Start-> Control Panel-> System, click on Hardware tab and Hardware profiles. You will find Profile 1 (Current), highlight it and click Copy, give it new name, Vmware for instance and move it up.While at Hardware tab in System properties, you can disable driver signing.

One more thing to do. As you may know, work in Vmware machines is easier with Vmware tools. I took Vmware tools installation out of Vmware Server to spare you of downloading 100 MB + file and you can download it here. Unpack archive and put it somewhere on Windows partition.

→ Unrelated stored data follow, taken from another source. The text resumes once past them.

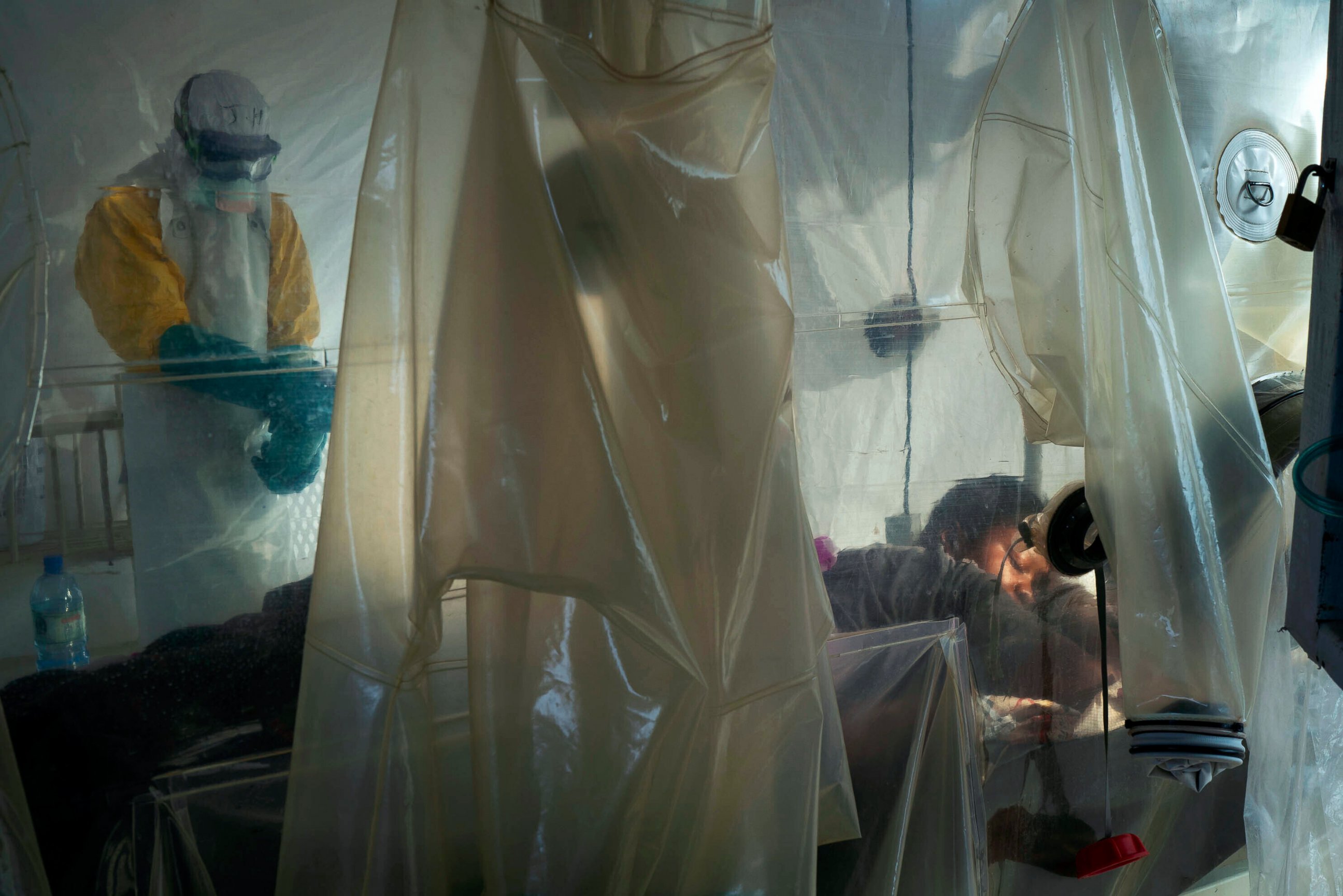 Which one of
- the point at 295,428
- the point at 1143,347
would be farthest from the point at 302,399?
the point at 1143,347

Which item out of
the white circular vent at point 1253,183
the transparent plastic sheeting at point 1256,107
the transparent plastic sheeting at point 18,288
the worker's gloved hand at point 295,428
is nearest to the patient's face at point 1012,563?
the transparent plastic sheeting at point 1256,107

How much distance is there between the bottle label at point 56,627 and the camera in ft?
2.39

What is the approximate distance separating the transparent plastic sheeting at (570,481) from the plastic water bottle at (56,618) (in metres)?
0.24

If you don't trust me, go to Vmware web site and download whole Vmware Server package for Linux. You will find Vmware tools for Windows inside windows.iso file.

Finally, boot back to Ubuntu, run windows.vmx, choose newly created hardware profile at prompt and install Vmware tools once in Windows.

Oh and, windows.vmx contains some of virtual machine properties like amount of RAM or enabled or disabled peripherals so scroll thru it with text editor and customize it with your own needs.